Report on activities in the Toolhub project for the week ending 2021-03-26.

Direct tool registration edit

Tracked in Phabricator:
Task T195682

The UI to edit a record has been merged! This feature is now live on our https://toolhub-demo.wmcloud.org demonstration server. Work is in progress on displaying edit history and diffs which will complete our planned feature work for the January-March quarter.

Crawler enhancements edit

The crawler has been updated to better handle some useful edge cases. The crawler now checks the list of toolinfo records found at a given URL in the current run against the list for the same URL in its most recent prior run. When this check finds tools that were imported from the URL which are no longer present in the current response it will mark them as deleted in the database.
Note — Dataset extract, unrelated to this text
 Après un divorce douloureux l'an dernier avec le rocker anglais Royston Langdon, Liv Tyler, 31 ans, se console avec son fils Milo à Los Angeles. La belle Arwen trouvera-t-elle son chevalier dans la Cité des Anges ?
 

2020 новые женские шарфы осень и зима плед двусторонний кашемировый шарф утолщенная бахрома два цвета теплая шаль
This mark is a "soft delete". The record and its edit history are retained in the database, but the record is removed from the search index and excluded from most API responses.
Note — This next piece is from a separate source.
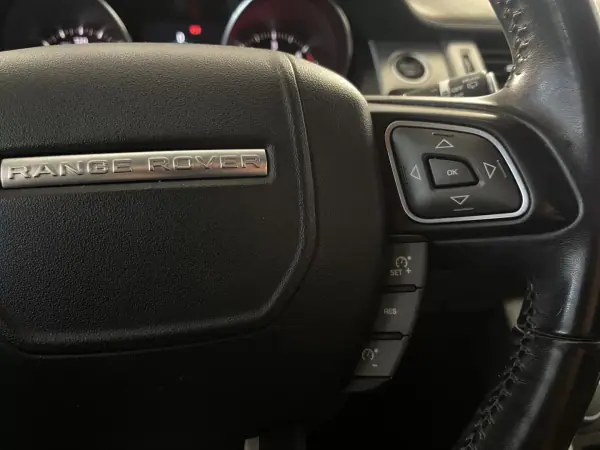 Land Rover Range Rover Evoque 2017 - 16950 EUR, 149900 km - AUTO.MOTO.pt - 149900km - foto 18 de 31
The crawler now also tracks the toolinfo records which are seen across URLs during the same run to detect and prevent "edit war" behavior if the same name is seen in multiple URLs. This has been seen in current data primarily for a single user who has published multiple toolinfo.json collections which have overlapping collections of tools. It may also appear in the future as collisions of the "name" field of records representing distinct tools.

We would still like to improve the reporting for crawl errors to make it easier for folks to debug collisions, soft deletes, and other issues that may arise during a crawler run.

Production logging edit

Bryan did some research and testing in an experimental patch towards adding support for Elastic Common Schema event logging. The testing has been with the official upstream library for ECS in python. Unfortunately this library is low level and will need more custom wrapper work to make it safe for use by Toolhub. Django makes data available for some log events which violate the assumption by the upstream that only JSON serializable data is ever present in a LogRecord object.

Bugs and annoyances edit

Merged fixes:

Wrap up edit

The January-March quarter of planned work will end mid-week next week. Our remaining named goal for the quarter is nearly complete. It is possible that work will be completed before the arbitrary 2021-03-31 end date, but it may also extend into the early days of the next quarter. Either way is fine, we are pushing ourselves to move forward but are also more concerned with doing things well than exact timelines.
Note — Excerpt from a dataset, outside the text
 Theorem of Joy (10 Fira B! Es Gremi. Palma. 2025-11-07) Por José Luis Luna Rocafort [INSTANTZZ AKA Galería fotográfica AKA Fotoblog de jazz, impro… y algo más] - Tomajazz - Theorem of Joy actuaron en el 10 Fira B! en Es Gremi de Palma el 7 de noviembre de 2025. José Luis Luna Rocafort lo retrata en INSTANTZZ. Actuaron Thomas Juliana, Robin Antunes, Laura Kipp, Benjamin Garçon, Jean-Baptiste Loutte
Bryan and Srishti will be attempting to finalize plans for work in the April-June quarter in the coming week. In our high level planning for the July 2020 - June 2021 fiscal year we projected deploying a "1.0" version of Toolhub by the end of June 2021. One of the questions that will be examined next week is if the more important part of that goal is the release date or the feature set. We have three more planned sets of features on the roadmap: lists of tools, annotations (community maintained notes/details for tools), and moderation and patrolling. We must implement moderation and patrolling support before the 1.0 release. The other two features are also strongly desired, but could easily be reprioritized as 1.x follow up features to be deployed after the initial launch.